接下来在每个网络上使用测试集训练对抗样本，并将这些对抗样本迁移到其他网络上，这些对抗样本对其他网络同样有效果。

Uzuki评论：这个性质为对抗攻击的迁移性（transferability）提供了保证，那些无法得知内部结构黑盒网络，可以通过一个结构类似的白盒作为代理（surrogate model）生成对抗样本。

因此可以得到一个有趣的结论：即使在不相交的训练集上训练的模型，对抗样本仍然难以处理，尽管它们的有效性显著降低。

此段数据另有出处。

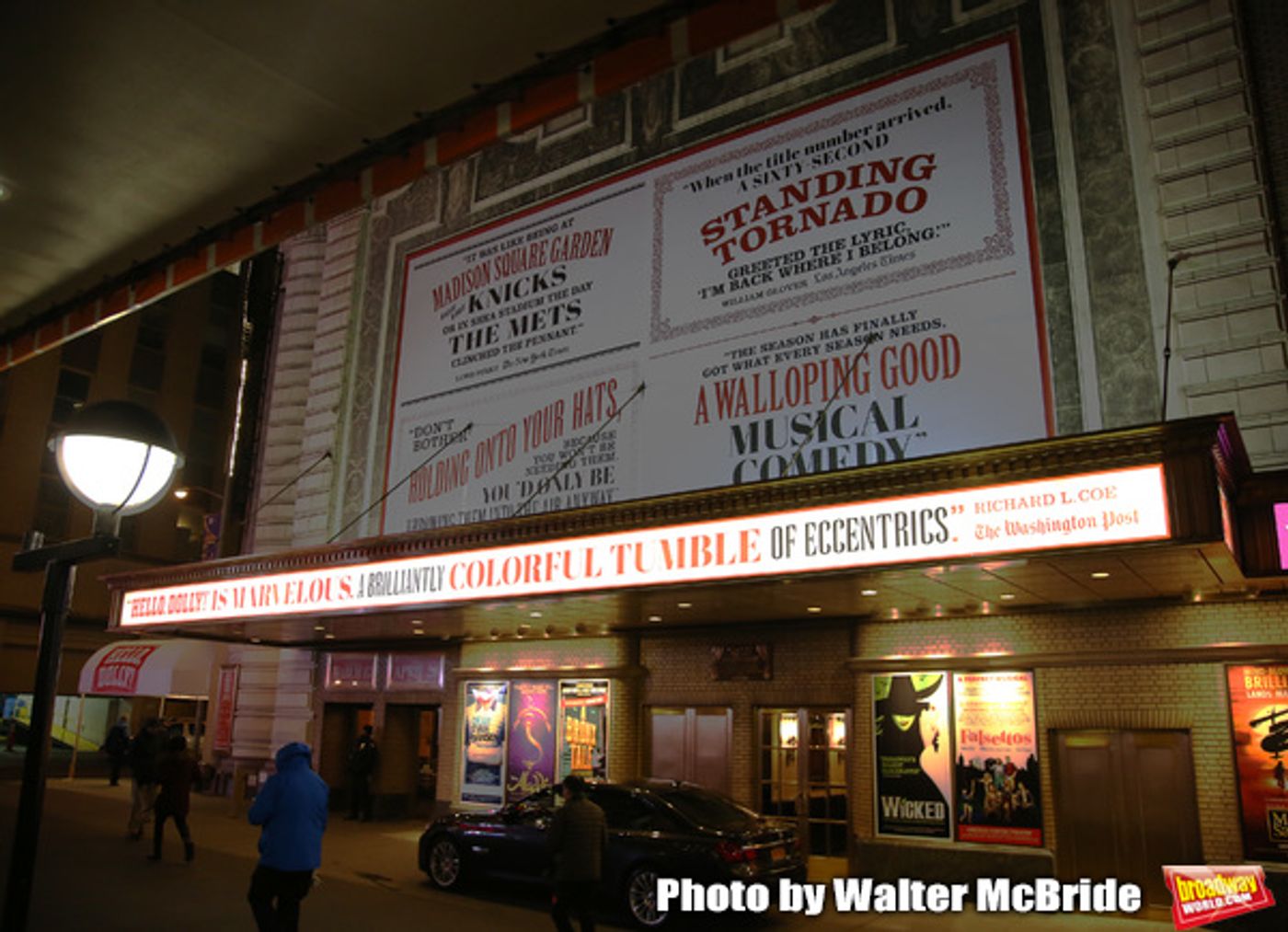 Photo Flashback: Remembering Jerry Herman  Image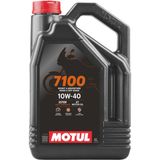 Motul 7100 10W40 4T 4 Litre Motosiklet Yağı (Üretim Yılı: 2025) Üstün Koruma ve Yüksek Performans İçin Tasarlandı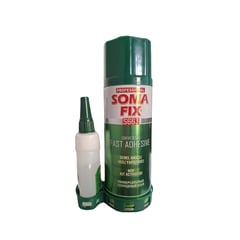 SOMAFIX - ADHESIVO RÁPIDO UNIVERSAL 200ML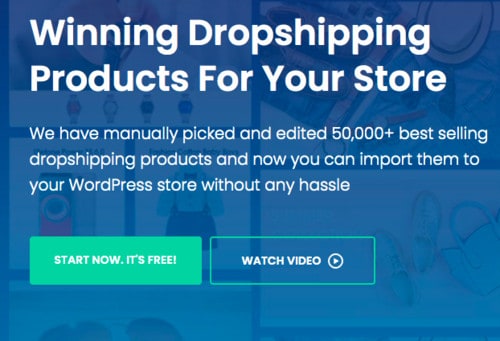 DropShip.Me - Das einfachste Produktforschungstool für neue Dropshipper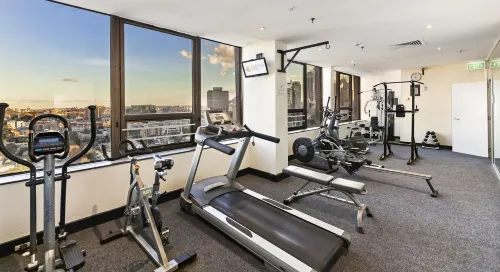 The Sydney Boulevard Hotel Unggulan Photos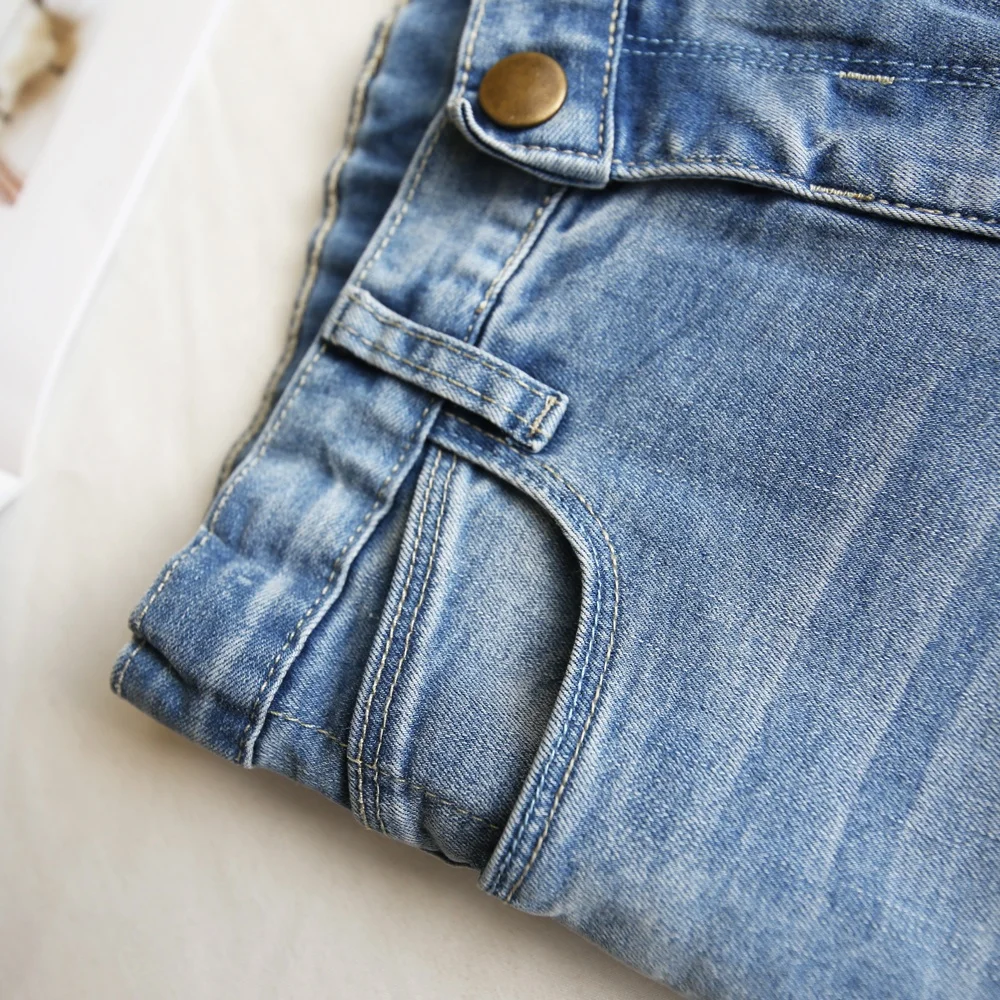 
Kids Jeans Pants Wholesale Kids Girls Jeans Distressed Wash Children Boy Pants Denim Trousers Jeans For Girl Kids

The intriguing conclusion is that the adversarial examples remain hard for models trained even on a disjoint training set, although their effectiveness decreases considerably.

网络不稳定性的谱分析#

作者将上一节提出这种监督学习网络对这些特定的扰动族存在的不稳定性可以被如下数学表示：

给定多个集合对 $(x_i,n_i)$ ，使得 $||n_i||<\delta$ 但 $||\phi(x_i;W)-\phi(x_i+n_i;W)||\ge M \ge 0$ ，其中 $\delta$ 是一个非常小的值， $W$ 是一个一般的可训练参数。那么这个不稳定的扰动 $n_i$ 取决于网络结构 $\phi$ 而非特定训练的参数 $W$

Uzuki评论：这个结论就不得不提对抗训练（Adversarial training）了，因为对抗训练不改变网络结构但是改变了训练集的结构以生成不同的训练参数，提高模型对对抗样本的防护能力，因此对抗训练应该是证明了某个特定的对抗样本生成算法本身总不是最优的

结论#

通过寻找对抗样本的过程，我们可以证明神经网络本身并没有很好地实现泛化能力，尽管这些对抗样本在训练过程中出现的概率是极低的，但是模型构建的空间本身是稠密的，几乎每个正常样本都能寻找到对抗样本。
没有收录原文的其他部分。